Hollywood has been struggling to compete with YouTube for years.
Now it's trying a new strategy: hiring YouTubers. The early results look promising.
This weekend, "Backrooms," a moody horror movie based on an internet meme, looks like it could bring in astonishing $60 million at the box office — which means it will likely beat out Disney's new "Star Wars: The Mandalorian and Grogu." Director Kane Parsons has made stuff on YouTube for years, but this is his first film for theaters, which makes sense: He is 20 years old.
That follows the success of "Obsession," which has grossed $74 million in the last two weeks. It's made by 26-year-old Curry Barker, another YouTube veteran making his theatrical debut.
And those films came after Mark Fischbach, better known to his 38 million YouTube fans as Markiplier, brought out his "Iron Lung" movie, which he made for a reported $3 million and has now grossed $50 million.
Journalism Rules require me to point out that three things make up a bona fide trend. But I think we're actually talking about two different ideas here.
- When Fischbach made his movie, he self-financed and produced the whole thing, and asked his fans for help with distribution as well. Going to see "Iron Lung" was something you did because you liked Markiplier and wanted to support him.
- Parsons and Barker also benefit from YouTube fandom. But their followings there are smaller than Fischbach's. More important: They are actively working within the Hollywood system, by making movies with established studios — A24 for "Backrooms," Blumhouse for "Obsession." That looks a lot more like Hollywood using YouTube as a farm team, where it can pluck promising online prospects and give them a shot at the big leagues.

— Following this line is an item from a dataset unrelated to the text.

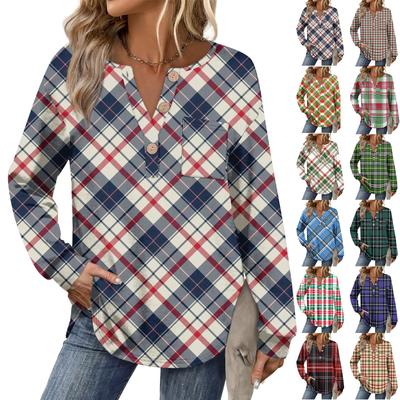 Women's Retro Printed Fashionable Long-sleeved Top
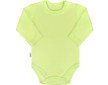 Kojenecké body s dlouhým rukávem New Baby Pastel zelené - Zelená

Which isn't a new idea. Mainstream media has been using the internet broadly and YouTube specifically as an incubator for years, which is why you know who Justin Bieber and Issa Rae are. It's true for directors, too: Dan Trachtenberg, who made last year's "Predator: Badlands," announced himself to Hollywood back in 2011, with a 7-minute short based on the video game Portal.
It seems quite likely we will see a lot more of the "Backrooms" and "Obsession" model, simply because "making movies and putting them on YouTube" is such an obvious route for any young filmmaker. Martin Scorsese would have done the same thing, if he started out with an iPhone and a broadband connection.
To me, the more intriguing question is whether we will see more Markipliers: people who develop real followings on YouTube (or any other digital platform) who can convince their followers to look up from their phones and buy tickets to something.
That remains rare, but less than it used to be, which is why it's no longer shocking when podcasters (podcasters!) fill up theaters. Let's see if more directors go the "Iron Lung" route.